In complete contrast, the progressive and enlightened Panemanglor family tree, being a family in which the X-chromosome has dominated for some generations, has a large percentage of members whose surnames are not Panemanglor at all.

So besides Aggarwal (me) we have Savur (my grandmother), Bijlani (my mother), Jagtiani (my sister-in-law), Sharma, Trikannad, Dhareshwar … and Kalyanpur, Gangolli, Hemmady, Masurkar, Sood, Rew, Hegde, Karkal Sirur, Datta, Koppikar, Kadle, Jones, Gurung, Raman, Putli, Maskeri, Hoskote, Pandya, Mullarpattan, Matele, Bijur, Ubhaykar, Nayampalli, Desai, Padukone, Balsekar, Bhansali, Choudhary, Booth, Groothuis, Jadgadde, Puttur, Singh, Shedde, Mudbidri, Sannadi, Betrabet, Mehta, Kowshik, Manjeshwar, Kodikal, Aghnashini, Chaugale, Karnad, Hebale, Sujir, Billington, Wagle, Kagal, Bhaskar, Pandit … and a few more I might have missed. 

Some of these are close and beloved cousins. The others, as my dear departed dad would say when trying to explain how we were related to someone we had visited on our annual holiday in Bombay or at a family wedding: 

I have no idea. But I think our grandfathers or maybe great-grandfathers probably walked out to the fields every morning together with their lotas.

I’m so very grateful to Rohit Panemanglor for preparing this family tree, and all his efforts at painstakingly tracking each one of us down! 

Panemanglor family  c1920: daughter Lilly, Sita and Ram Ramarao Panemanglor, daughter Indu, daughter Shanta and her husband Bhavanishankar Savur

It took me back to gazing at this old family photo of my grandparents with my grandmother’s birth family, wondering about each of them and their lives. I felt that pang that you feel when you know that something is lost to you forever; sad that I would never know their stories. But it made me so conscious that I can still feel, tangibly, my grandmother’s love, her gentle fragrance, the parched skin of her arms, her letters and postcards to us at boarding school and prayer chants she tried to teach us, and the stories she told us. 

I know nothing about Amma’s childhood, but have heard that her father was the first Indian manager of Grindlay’s Bank, which means she came from an upwardly-mobile, educated family. Growing up in Bombay, she spoke first-language Marathi, as fluently as her mother tongue Konkani. According to Rohit’s research, the family lived in Raghav Wadi, French Bridge, so perhaps this was the home in which she grew up. You can see a photo of Raghav Wadi on this link, where Cousin Rohit has been busy blogging some very interesting facts about his grandfather, Krishnarao N Panemanglor (KNP), who was a senior courtier at the Baroda court. KNP, a lecturer in Latin at St Xavier’s College, Bombay, was recruited to the Baroda Education Service in 1907.

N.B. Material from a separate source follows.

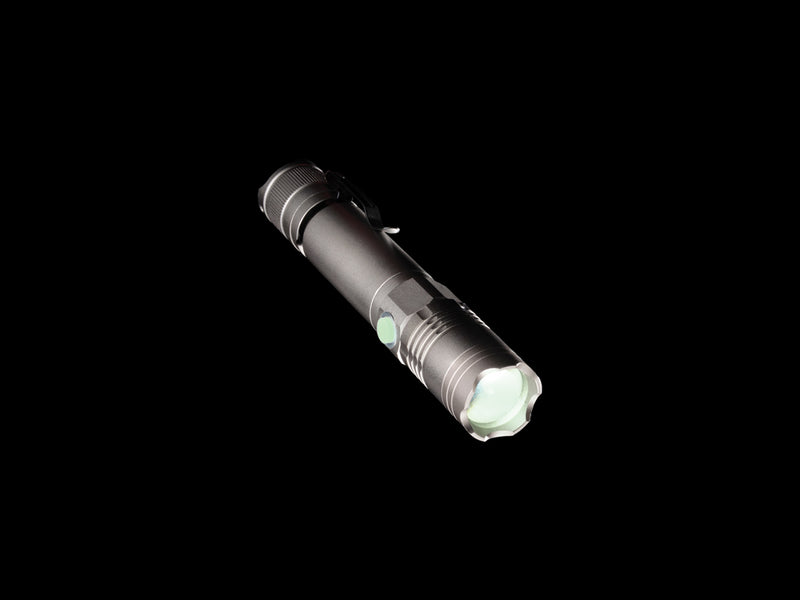 Load image into Gallery viewer, Rechargeable 3W flashlight - Custom Wood Designs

In this photo you can see KNP’s eldest brother, Rama Rao Panemanglor, standing, with his wife and daughters sitting in front. The couple on the right are my grandparents, Bhavani Shankar Rao and Shanta, probably around the time they got married. The women are barefoot, but the men have their shoes on – does this mean that it was not inside their home in Raghavwadi but perhaps in a photography studio?

Over the last several years, I’ve worked with quite a few people on their family stories and family trees. It’s always been an interesting process, one of the most fascinating aspects of which has been visiting Haridwar to seek traces of visitors from the family to their priests during which many of them wrote down the family details in registers and their handwriting, addresses and signatures can still be seen after a hundred years and more. I knew that I’m never going to do this for my own family, partly because we already have trees. 

The Bijlani family tree originates with Raja Bijaldas Nagdev, who had three sons, one being recorded as having had two sons, and nine generations later, my brother and I and all our cousins came to be. 

Then there is a more elaborate Savur genealogy, in which my grandfather Bhavani Shankar Rao Savur (whom I never knew, as he died when I was one month old; seen sitting on the right in this photo) wrote that the document he had updated “traces the growth of the family from its earliest known ancestor who lived somewhere about 1700 to 1750 AD.” 

It didn’t seem like there was any further research required in either. So – a delightful surprise to find a place in the Panemanglor family tree!